- _Your goal_: Please return the data word for word and leave out any picture it contains.

- _Recorded information_:
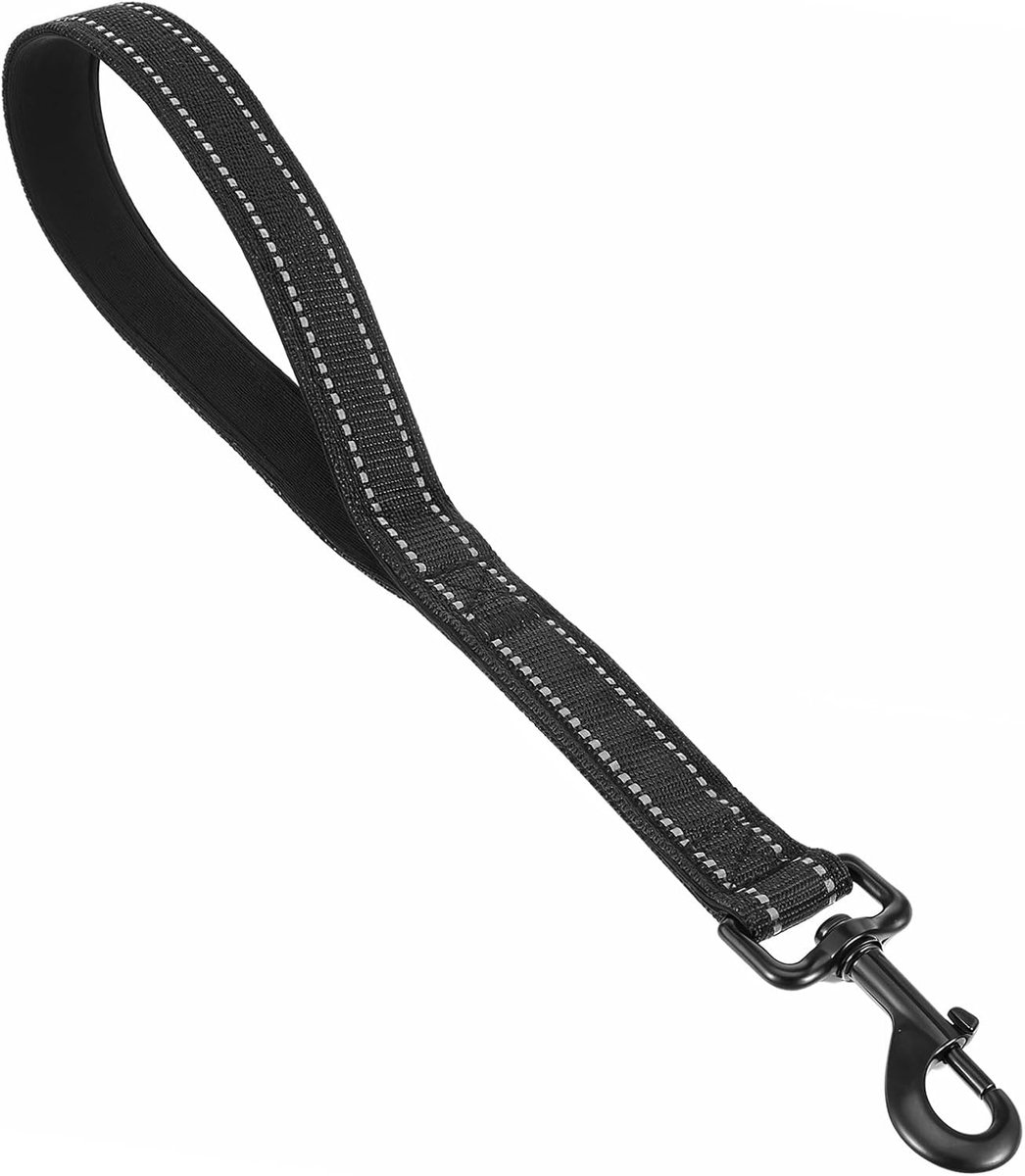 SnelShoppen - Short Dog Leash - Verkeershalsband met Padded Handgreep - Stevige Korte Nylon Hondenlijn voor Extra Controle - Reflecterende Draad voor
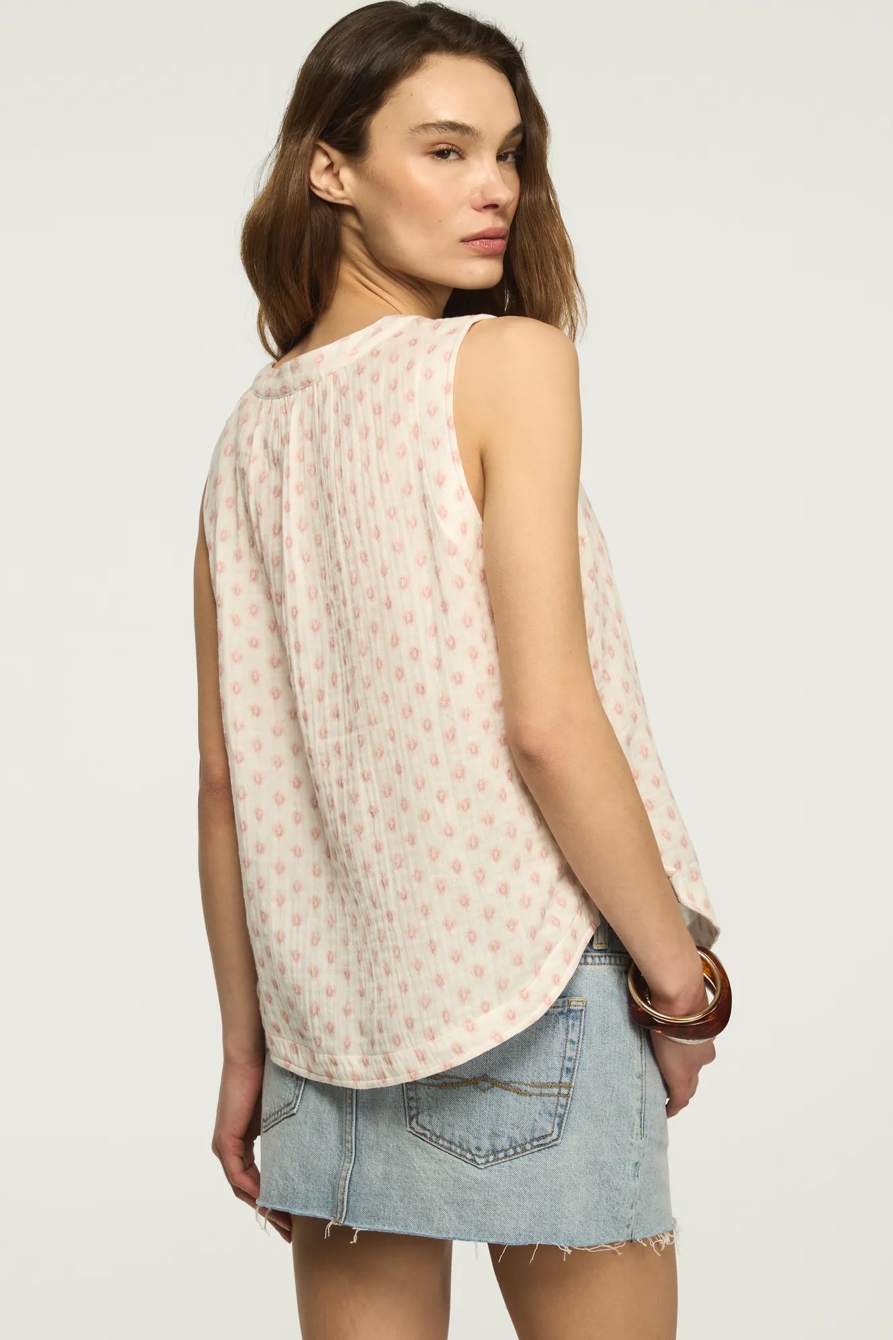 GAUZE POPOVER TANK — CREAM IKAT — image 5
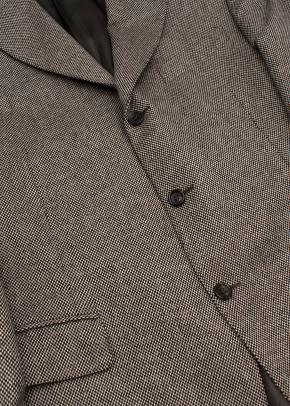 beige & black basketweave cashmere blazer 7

- _Task response_:
 SnelShoppen - Short Dog Leash - Verkeershalsband met Padded Handgreep - Stevige Korte Nylon Hondenlijn voor Extra Controle - Reflecterende Draad voor
 GAUZE POPOVER TANK — CREAM IKAT — image 5
 beige & black basketweave cashmere blazer 7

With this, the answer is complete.